I hate John Calipari because he's slimy, but he wins. If the Gophers next coach cheats his ass off for five years without getting caught and gets the Gophers to the Final Four and close another couple of times and then gets busted I will sing his praises to the high heavens, just like I did and continue to do with Clem.
Just win, baby. Just win.
By the way, I wrote this entire post while drinking warm PBR from a cup with ice. Classy, right?
1. I have a bad feeling about this, but Rubio's coming to town. I'm sure it makes everybody happy that he's actually coming, but the shine is definitely off this kid. He's gone from the hottest amateur player in the world who everybody wanted to a huge question mark who probably wouldn't even be a lottery pick now. I guess that'll happen when you fail to develop a jump shot and average 6.5 pts and 3.2 assists in EuroLeague. That's not a misprint, those are his stats this year. His career bests in any league are 10.2 pts and 5.8 assists. I know he's young and I know Euro stats don't really translate over here, but that's really underwhelming. It will be an interesting test of statistics vs. perception because a lot of people are still raving about the kid.

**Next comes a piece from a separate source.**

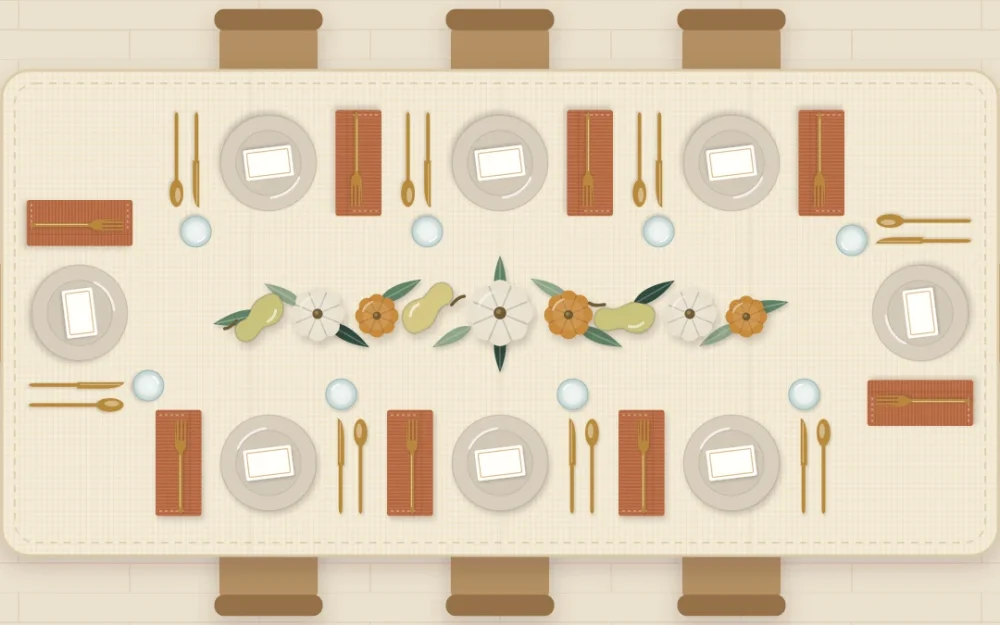 Top-down long Thanksgiving table for eight on a cream cloth with a narrow line of small pumpkins, leaves and pears, rust napkins and blank cards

Not as much as two years ago, but a lot of people still love him. Of course, on the Wolves even if he's the next Chris Paul that would just take them from 17 wins to 23, but at least they should be more fun to watch. At this point I assume Rubio is basically like The Professor:
2. The Twins actually won, and won easily. It seems shockingly unlikely but the Twins managed to score 8 runs in a game and beat KC 8-2. Of course, six of those runs came in the same inning and were off Sean O'Sullivan (or Sean O'Suckivan as I like to call him when I'm drunk) so in reality the offense was generally it's usually inept self. I'd love to write more but I have to be honest and tell you I didn't watch a single pitch. But I bet Casilla did something dumb, Span took a poor route on a fly ball, Delmon did something lazy, Cuddyer chased a slider low and away, and whoever was catching hit a bunch of weak ground balls. Close?

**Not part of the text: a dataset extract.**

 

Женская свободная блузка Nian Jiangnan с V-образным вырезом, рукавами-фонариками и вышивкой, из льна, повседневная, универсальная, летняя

3. Speaking of the Twins, Dan Gladden is quickly becoming the worst announcer in town. For some reason I've found myself in positions where I'm listening to a lot of the Twins' games on the radio this year and I'm realizing that there are a ton of reasons to dislike Dan Gladden beyond his hair and the fact that he goes by "Dazzle" (as if you needed more reasons besides those, amirite?). Last night I was lucky enough to hear a gem. He argued stenuously that the shift the Royals (and everybody else) puts on for Morneau is unnecessary, doesn't make sense, and is "trying to recreate something" (that one is my favorite because I seriously can't make heads or tails of what he's trying to say). The reason is because according to Dazzle, Morneau "can hit the ball either way just as well." Really, dummy? Good thing we can look stuff like this up and see that he's hitting .373 when he pulls the ball and .185 when he goes to left. Same story, year after year, he's far better pulling the ball than going to left. Gladden had another one too, but now I can't remember. Just assume it was really dumb and incorrect. Also if you put "Dan Gladden sucks" into google image search 9 of the first 36 images that pop up are from here. I haven't been this proud since I was teh second site to pop up if you googled "suck my crank."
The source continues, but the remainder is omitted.